In determining whether or not to call in a transaction, the Secretary of State will carry out a full assessment of the potential national security threat, taking account of:
- The Target Risk: including the target’s activity and its exposure to trade secrets including databases, source codes, algorithms, and software
- The Trigger Event Risk: this will include an assessment of how the transaction would undermine national security
- The Acquirer Risk: this will include an assessment of the ultimate controlling entity
If the Government chooses to call in a transaction, it will then have 30 working days (with the possibility of an extension for an additional 45 working days) to undertake a national security assessment of the proposed transaction. Whilst the process is carried out, the Unit may issue an interim order which may include provisions dictating the actions which individuals involved in the transaction may take. The Secretary of State may choose to issue a final order either prohibiting or attaching conditions to a transaction.
The Government has provided some guidance on this in relation to transactions that are taking place now. From 12 November 2020, parties are invited to share information about a relevant Trigger Event with the Government by messaging email@example.com. An informal discussion on the matter may help with business planning with regards to the Government potentially exercising its call-in power in the future in respect of the transaction. This may provide some comfort to parties entering into transactions at this stage that could fall within scope of the call-in power before the new regime comes into effect and provide some steer as to the Government’s attitude with respect to the proposed transaction. If relevant, specific advice should be sought as to the appropriate approach at this stage.
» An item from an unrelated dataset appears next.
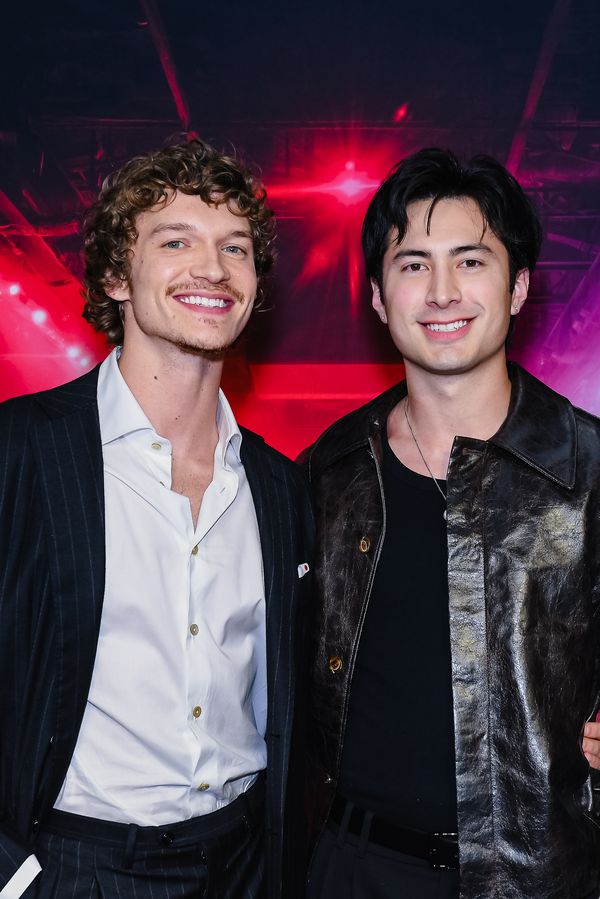 Hodně žhavá podívaná: Hvězdy nového seriálového hitu nesly ulicemi olympijský oheň. Fanoušci se mohli zbláznit - fotka 1/1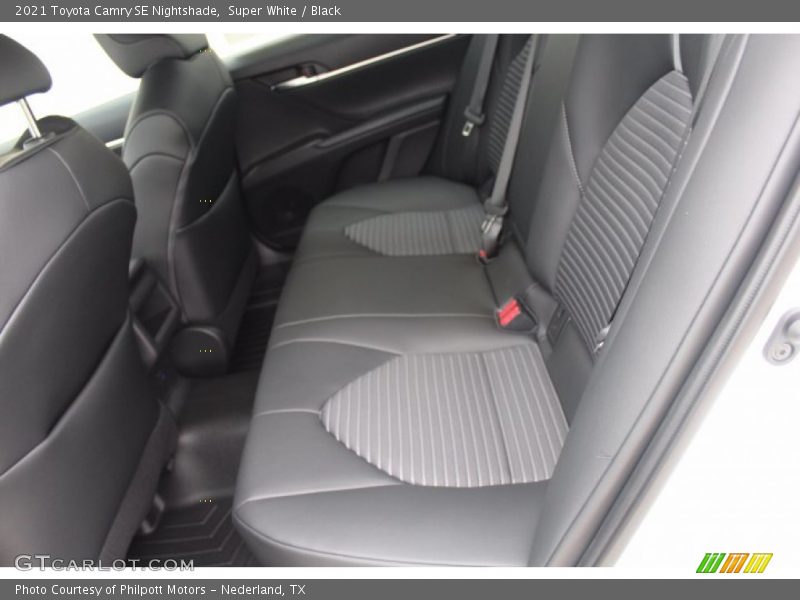 Super White / Black 2021 Toyota Camry SE Nightshade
Sanctions for Non-Compliance
For mandatory notifications of share acquisitions, closing an acquisition without obtaining prior approval amounts to a civil and criminal offence, and carries fines of up to the higher of 5% of the party’s global turnover or £10 million, imprisonment of individuals, and the non-notified transaction potentially being deemed to be void and therefore subject to remedies such as unwinding. In limited circumstances, the Government may choose to validate the closing of a non-notified mandatory notification transaction.
Government decisions under the regime will be subject to judicial review.